Dans l'affaire T 2864/18, le requérant, dans sa réponse à la première notification émise en vertu de la règle 71(3) CBE, avait demandé certaines corrections des traductions des revendications et avait ensuite formulé la déclaration suivante : "toutes les autres pages du texte joint à la notification établie en vertu de la règle 71(3) CBE ne requièrent pas de modifications ou de corrections et sont par la présente approuvées par le demandeur". La chambre a déduit de cette déclaration que le requérant avait pleinement connaissance de l'ensemble des documents proposés pour constituer le texte dans lequel il était envisagé de délivrer le brevet. Elle a conclu que l'accord sur le texte était sans équivoque et avait été réitéré, même si cela n'avait pas été fait explicitement par écrit, au moyen de la réaction à la deuxième notification en vertu de la règle 71(3) CBE (paiement des taxes).

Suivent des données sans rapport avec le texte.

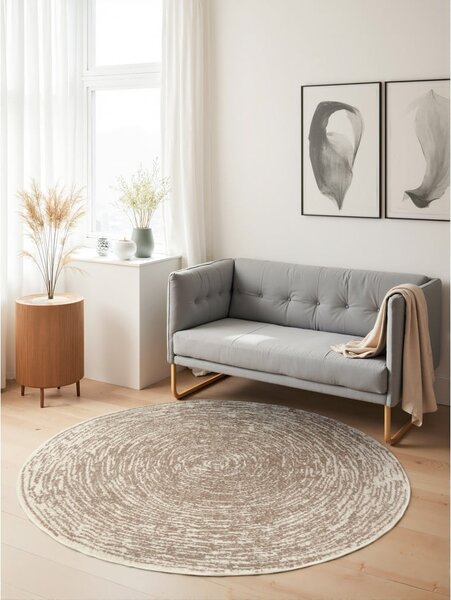 Бежово-кремав кръгъл килим ø 120 cm Gloria Cavallo – Hanse Home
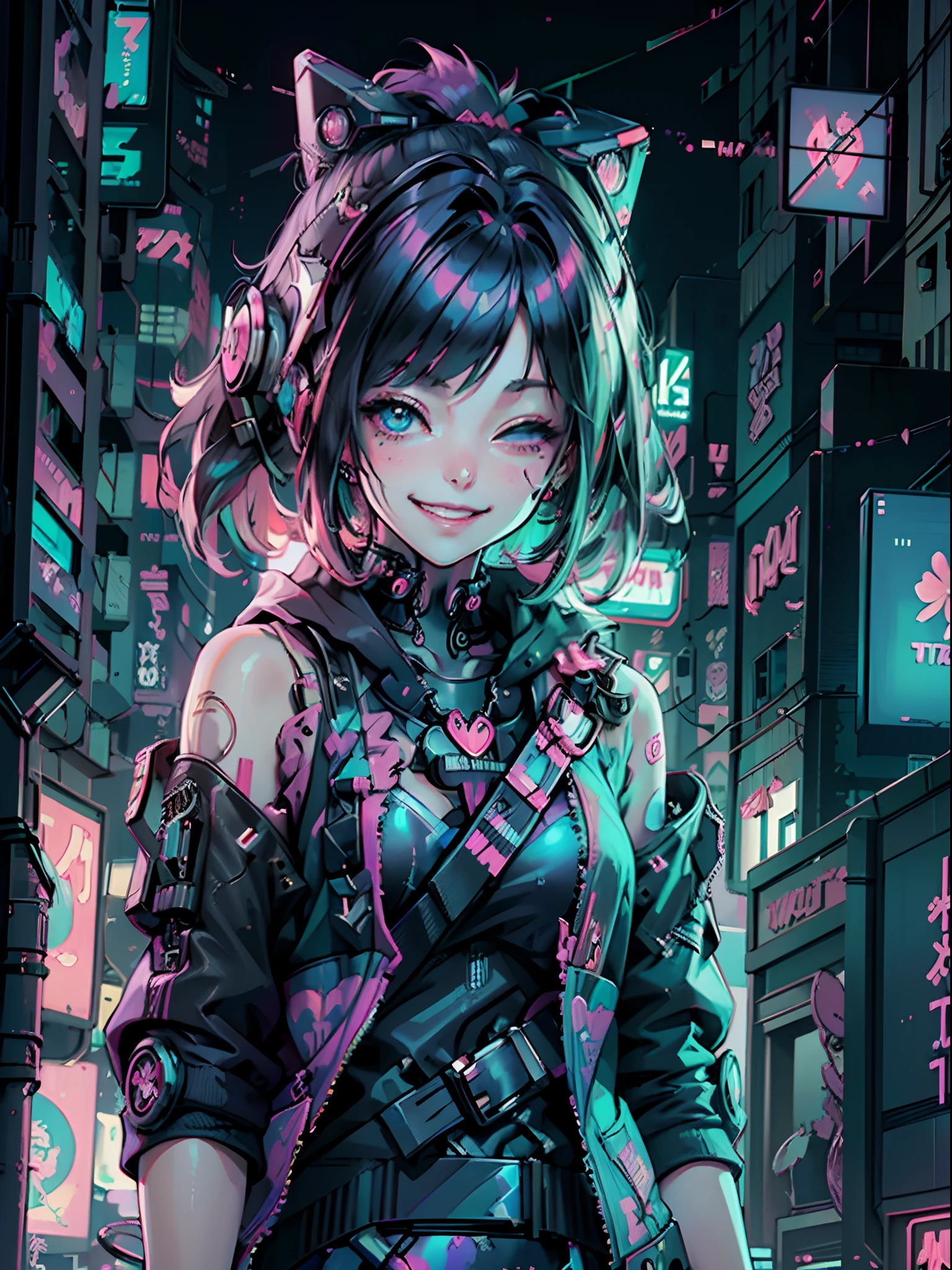 Oil painting of a (((Cyberpunk girl))), plumeria (((Harajuku design clothing))), upper body centered, multi-color hair, 1 eye closed, big happy smile.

Dans l'affaire T 646/20, la chambre a retenu que rien n'oblige la division d'examen à différer une décision de délivrance jusqu'à l'expiration du délai de quatre mois dans les cas où le demandeur a donné, dans ce délai, son accord sur la délivrance et ainsi permis à la division d'examen de rendre une décision correspondante. Il serait plutôt étrange que la division d'examen doive différer une décision pour l'éventualité où le demandeur changerait d'avis. Dans la présente affaire, après réception de la notification au titre de la règle 71(3) CBE, le demandeur a donné son accord explicite sur la décision de délivrance. Cependant, après cette décision, le requérant a exprimé son désaccord. La chambre a distingué la présente affaire de l'affaire T 1/92 (voir ci-dessus dans ce chapitre). Elle n'a pas non plus été convaincue par l'argument du requérant selon lequel un accord envoyé en réponse à une notification au titre de la règle 71(3) CBE ne peut pas être interprété comme une renonciation à des options ou voies de recours supplémentaires. Chaque accord sur le texte d'un brevet implique de renoncer à l'infinité restante de textes dans lesquels le brevet pourrait être délivré.